Worlds collide when Mavela (Martha Canga Antonio), a teenage girl with ties to Brussels' Black Bronx gang, meets Marwan (Aboubakr Bensaihi), a member of a rival Moroccan gang, at a police station. Keenly aware of the consequences of getting involved with someone from another gang, they at first resist their attraction to one another, but they can only resist for so long. Just when they've started to imagine a different life for themselves, a terrifying incident reminds Mavela where she belongs — and, more precisely, to whom. In order to break free, Mavela and Marwan will have to betray the very loyalties on which their gangs are founded. And they know what lies ahead for them if they don't.

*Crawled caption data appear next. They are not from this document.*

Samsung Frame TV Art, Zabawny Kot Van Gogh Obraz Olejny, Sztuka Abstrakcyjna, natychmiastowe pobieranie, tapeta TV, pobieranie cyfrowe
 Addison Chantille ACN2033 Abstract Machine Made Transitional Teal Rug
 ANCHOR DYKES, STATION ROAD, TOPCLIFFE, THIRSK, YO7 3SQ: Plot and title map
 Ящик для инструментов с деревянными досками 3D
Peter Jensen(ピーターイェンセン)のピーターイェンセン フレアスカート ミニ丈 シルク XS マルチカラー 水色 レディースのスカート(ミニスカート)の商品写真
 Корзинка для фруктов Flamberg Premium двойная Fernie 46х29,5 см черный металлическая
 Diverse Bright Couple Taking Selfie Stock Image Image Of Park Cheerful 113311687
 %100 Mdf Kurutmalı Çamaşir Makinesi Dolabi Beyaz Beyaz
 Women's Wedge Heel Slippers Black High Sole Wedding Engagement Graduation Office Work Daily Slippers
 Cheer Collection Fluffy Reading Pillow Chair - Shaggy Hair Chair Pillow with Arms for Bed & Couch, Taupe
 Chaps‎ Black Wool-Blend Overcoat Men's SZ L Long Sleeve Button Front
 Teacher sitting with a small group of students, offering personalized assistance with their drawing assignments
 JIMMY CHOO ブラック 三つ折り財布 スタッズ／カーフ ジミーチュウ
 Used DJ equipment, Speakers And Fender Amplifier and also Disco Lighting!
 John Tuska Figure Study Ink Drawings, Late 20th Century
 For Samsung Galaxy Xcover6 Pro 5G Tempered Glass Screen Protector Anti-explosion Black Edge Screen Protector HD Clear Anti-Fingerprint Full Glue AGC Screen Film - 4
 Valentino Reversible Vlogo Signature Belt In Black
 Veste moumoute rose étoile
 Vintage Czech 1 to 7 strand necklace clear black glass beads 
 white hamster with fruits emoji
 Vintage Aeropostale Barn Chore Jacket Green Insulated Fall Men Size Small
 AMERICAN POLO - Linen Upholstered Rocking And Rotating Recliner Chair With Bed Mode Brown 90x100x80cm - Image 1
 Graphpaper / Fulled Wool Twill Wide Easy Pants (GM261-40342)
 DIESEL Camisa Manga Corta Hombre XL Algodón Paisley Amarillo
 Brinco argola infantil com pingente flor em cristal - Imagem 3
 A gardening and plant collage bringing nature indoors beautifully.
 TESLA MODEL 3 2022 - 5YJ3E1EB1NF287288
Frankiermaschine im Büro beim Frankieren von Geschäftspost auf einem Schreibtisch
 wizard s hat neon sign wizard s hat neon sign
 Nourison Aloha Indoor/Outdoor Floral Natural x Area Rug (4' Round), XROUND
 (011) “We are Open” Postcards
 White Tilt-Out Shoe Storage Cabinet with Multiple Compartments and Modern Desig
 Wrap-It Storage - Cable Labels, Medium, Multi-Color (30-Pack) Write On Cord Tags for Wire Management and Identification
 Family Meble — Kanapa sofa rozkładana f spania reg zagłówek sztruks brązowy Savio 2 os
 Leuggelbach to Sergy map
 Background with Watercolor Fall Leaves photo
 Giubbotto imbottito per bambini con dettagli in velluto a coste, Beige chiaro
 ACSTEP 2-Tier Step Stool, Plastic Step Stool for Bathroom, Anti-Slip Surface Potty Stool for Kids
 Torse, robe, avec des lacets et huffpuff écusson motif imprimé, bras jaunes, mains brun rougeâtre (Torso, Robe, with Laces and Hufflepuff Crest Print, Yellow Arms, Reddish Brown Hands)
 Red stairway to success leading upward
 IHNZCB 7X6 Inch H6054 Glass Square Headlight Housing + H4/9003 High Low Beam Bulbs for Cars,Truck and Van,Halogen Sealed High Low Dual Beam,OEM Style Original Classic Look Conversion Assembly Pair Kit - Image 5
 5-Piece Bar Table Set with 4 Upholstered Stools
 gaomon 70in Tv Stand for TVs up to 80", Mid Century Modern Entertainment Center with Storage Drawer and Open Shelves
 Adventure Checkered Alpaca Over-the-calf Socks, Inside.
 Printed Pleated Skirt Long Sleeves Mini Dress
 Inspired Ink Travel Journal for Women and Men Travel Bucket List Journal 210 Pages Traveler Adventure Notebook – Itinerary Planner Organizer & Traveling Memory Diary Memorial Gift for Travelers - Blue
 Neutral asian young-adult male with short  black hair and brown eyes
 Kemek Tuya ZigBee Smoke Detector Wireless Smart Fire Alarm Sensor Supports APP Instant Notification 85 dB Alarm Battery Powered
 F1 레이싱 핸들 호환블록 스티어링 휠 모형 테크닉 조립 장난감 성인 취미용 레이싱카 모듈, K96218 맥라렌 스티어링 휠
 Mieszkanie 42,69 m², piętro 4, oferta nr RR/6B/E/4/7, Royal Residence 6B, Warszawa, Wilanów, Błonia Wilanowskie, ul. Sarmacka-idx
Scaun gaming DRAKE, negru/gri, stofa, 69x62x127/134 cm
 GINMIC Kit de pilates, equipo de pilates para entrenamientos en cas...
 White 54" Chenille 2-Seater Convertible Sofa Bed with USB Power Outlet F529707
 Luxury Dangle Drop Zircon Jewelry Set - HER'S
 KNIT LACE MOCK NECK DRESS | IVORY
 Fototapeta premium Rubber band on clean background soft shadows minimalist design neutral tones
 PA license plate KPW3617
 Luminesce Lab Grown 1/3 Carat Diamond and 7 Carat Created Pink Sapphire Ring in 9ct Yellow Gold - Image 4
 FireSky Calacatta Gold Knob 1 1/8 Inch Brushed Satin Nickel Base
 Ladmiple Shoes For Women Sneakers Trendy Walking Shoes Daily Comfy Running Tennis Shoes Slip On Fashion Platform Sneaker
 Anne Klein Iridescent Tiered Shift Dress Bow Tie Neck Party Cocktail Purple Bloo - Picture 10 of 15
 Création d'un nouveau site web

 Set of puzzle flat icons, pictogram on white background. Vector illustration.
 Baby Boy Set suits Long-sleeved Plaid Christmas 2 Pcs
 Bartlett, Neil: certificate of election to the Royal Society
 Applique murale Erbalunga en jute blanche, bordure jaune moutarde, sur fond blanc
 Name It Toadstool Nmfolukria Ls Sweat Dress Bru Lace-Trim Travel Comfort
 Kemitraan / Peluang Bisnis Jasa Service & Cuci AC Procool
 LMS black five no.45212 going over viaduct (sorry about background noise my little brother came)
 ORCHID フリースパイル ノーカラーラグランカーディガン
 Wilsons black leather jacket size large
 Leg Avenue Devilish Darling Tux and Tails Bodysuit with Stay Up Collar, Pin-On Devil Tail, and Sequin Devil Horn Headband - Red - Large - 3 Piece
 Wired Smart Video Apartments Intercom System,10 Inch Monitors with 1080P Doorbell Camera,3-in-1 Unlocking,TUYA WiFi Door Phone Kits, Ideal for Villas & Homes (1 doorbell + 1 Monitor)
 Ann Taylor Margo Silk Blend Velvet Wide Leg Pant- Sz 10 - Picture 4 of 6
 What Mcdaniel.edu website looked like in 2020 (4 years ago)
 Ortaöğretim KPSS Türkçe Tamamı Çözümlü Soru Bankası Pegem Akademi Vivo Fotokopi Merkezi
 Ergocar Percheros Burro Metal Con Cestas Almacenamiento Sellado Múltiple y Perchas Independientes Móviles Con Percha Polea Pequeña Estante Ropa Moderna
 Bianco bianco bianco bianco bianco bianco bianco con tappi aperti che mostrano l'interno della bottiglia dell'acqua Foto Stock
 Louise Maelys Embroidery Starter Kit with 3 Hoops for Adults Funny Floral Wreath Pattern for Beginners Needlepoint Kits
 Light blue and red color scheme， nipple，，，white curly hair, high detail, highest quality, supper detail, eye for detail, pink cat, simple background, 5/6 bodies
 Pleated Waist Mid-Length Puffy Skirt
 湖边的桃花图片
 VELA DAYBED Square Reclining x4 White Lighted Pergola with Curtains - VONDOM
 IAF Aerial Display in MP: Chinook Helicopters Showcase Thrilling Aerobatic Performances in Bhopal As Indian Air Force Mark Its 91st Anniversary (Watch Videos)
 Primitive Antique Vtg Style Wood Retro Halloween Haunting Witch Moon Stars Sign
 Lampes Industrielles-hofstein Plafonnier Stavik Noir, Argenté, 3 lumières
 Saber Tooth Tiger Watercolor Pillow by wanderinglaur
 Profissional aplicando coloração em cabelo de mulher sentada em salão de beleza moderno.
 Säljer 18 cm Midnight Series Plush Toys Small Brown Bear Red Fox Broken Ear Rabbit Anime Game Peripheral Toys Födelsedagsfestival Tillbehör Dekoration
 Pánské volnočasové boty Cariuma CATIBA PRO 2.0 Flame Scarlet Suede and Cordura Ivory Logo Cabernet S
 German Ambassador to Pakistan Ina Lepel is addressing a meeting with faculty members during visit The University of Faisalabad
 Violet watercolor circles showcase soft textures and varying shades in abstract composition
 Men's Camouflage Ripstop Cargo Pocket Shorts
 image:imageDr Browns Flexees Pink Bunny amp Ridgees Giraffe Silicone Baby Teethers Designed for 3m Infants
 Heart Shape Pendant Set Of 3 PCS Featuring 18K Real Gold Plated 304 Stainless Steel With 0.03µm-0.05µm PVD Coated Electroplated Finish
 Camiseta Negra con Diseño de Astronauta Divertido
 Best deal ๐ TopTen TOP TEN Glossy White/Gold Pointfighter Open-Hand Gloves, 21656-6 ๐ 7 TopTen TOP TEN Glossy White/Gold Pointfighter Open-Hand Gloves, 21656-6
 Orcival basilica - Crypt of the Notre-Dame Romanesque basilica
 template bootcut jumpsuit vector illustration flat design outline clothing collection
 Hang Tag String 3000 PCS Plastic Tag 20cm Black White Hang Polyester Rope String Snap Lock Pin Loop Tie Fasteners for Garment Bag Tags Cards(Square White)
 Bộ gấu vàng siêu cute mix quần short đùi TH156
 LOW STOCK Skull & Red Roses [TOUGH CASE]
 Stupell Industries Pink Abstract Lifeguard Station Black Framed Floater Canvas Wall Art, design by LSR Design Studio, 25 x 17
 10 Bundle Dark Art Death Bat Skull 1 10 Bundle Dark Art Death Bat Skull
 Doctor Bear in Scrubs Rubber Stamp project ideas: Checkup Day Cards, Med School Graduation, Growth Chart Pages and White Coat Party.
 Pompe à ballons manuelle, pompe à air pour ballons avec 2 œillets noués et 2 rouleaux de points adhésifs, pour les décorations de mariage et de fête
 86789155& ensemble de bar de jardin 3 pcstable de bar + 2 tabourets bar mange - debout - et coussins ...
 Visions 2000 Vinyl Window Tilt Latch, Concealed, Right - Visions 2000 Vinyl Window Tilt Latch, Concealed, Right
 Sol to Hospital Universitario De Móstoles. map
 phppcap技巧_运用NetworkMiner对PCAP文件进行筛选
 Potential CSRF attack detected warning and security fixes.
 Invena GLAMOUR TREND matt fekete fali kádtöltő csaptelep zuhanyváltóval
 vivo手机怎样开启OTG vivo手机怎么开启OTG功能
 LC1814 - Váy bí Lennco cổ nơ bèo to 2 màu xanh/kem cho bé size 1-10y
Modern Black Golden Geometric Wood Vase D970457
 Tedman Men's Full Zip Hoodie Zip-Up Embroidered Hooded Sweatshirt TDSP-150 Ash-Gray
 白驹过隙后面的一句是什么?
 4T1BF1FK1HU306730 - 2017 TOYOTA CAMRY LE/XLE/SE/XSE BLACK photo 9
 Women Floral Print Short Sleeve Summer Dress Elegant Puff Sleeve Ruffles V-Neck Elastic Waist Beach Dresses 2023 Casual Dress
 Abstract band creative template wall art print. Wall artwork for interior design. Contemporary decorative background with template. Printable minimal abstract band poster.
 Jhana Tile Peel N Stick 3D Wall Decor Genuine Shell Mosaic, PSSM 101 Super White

El Arbi and Fallah's film moves forward at an electrifying pace, with furious energy and a gritty realism reminiscent of epic gangster films like City of God and Goodfellas. Ricocheting from moments of extreme tenderness to scenes of extreme violence, and enhanced by the raw performances of its young leads, Black is a full-on, no-holds-barred experience that will resonate long after you've left the cinema.